I think it’s important for the ARC to be careful with the risk associated with feature research like this, and I expect us to talk more publicly (and contribute more) to how we approach trade-offs. This becomes more important as we work with smarter models and if we pursue riskier approaches such as refinement.
In this case, given the details of our evaluation and the planned deployment, I believe that the ARC evaluation has a much lower probability of leading to an AI capture than the deployment itself (much less the GPT-5 training). : At this point, it appears that we are running a much greater risk of underestimating the model’s capabilities than of causing the evaluations to crash. If we manage risk carefully, I suspect we can make that ratio very extreme, although of course that requires us to actually do the work.

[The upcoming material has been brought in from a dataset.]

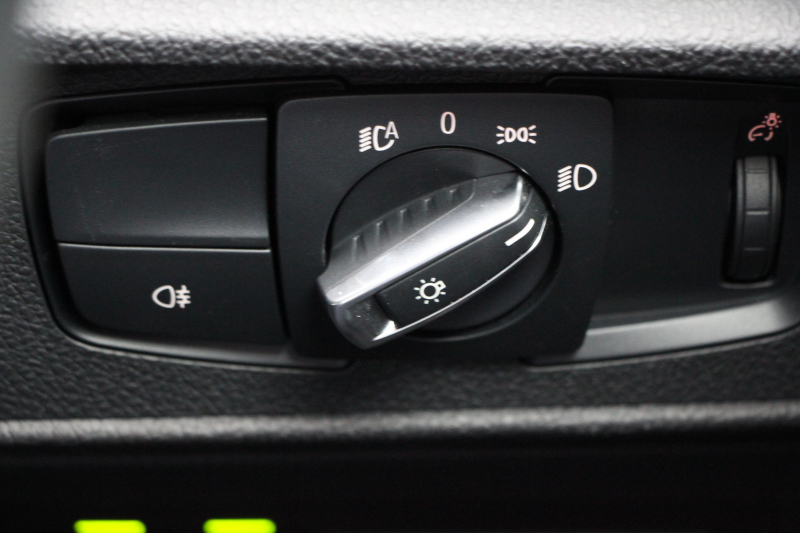 BMW Mシリーズ M2ｸｰﾍﾟMDCT 370馬力 直6ﾀｰﾎﾞ7速DCT ﾋｰﾀｰ黒革 HDDﾅﾋﾞBｶﾒﾗ 専用19AW 専用ﾌﾞﾚｰｷ 衝突軽減ﾌﾞﾚｰｷ 車線逸脱警告 歩行者警告 ﾌﾞﾚｰｷ付ｸﾙｺﾝ ｽﾏｰﾄｷｰ ｶｰﾎﾞﾝｲﾝﾃﾘｱﾄﾘﾑ ﾊﾟﾄﾞﾙｼﾌﾄ 2年保証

As previously mentioned, the idea of an AI takeover is often discussed in the context of the risk of an event that could lead to the extinction of human civilization or even the human species. Some proponents of the AI takeover theory, such as Eliezer Yudkowsky, founder of LessWrong, argue that an AI takeover poses an almost guaranteed existential risk, leading to the destruction of humanity.
However, not everyone agrees that AI capture is AI’s most pressing concern. Dr. Sasha Lucioni, a research scientist at the AI community’s Hugging Face, prefers to see AI security efforts spent on problems that are here and now, rather than hypothetical.
“I think this time and effort would be better spent making biased estimates,” Luccioni told Ars Technica. “The technical report accompanying GPT-4 contains limited information on any type of bias, and this may lead to far more specific and harmful effects on already marginalized groups than some hypothetical self-replicating experiment.”
Luccioni describes a well-known schism in AI research between what are often called “AI ethics” researchers, who often focus on issues of bias and distortion, and “AI safety” researchers, who often focus on x-risk and tend (but not always) to be associated with the Effective Altruism movement.
“For me, the self-replication problem is a hypothetical, future problem, while model bias is a here-and-now problem,” Luccioni said. “There’s a lot of tension in the AI community about issues like model bias and safety and how to prioritize them.“.
And while these factions are busy squabbling over what to prioritize, companies like OpenAI, Microsoft, Anthropic, and Google are rushing into the future, releasing more powerful AI models. If AI turns out to be an existential risk, who will keep humanity safe? Since US AI regulations are currently only a proposal (not law) and AI security research at companies is only voluntary, the answer to that question remains entirely open.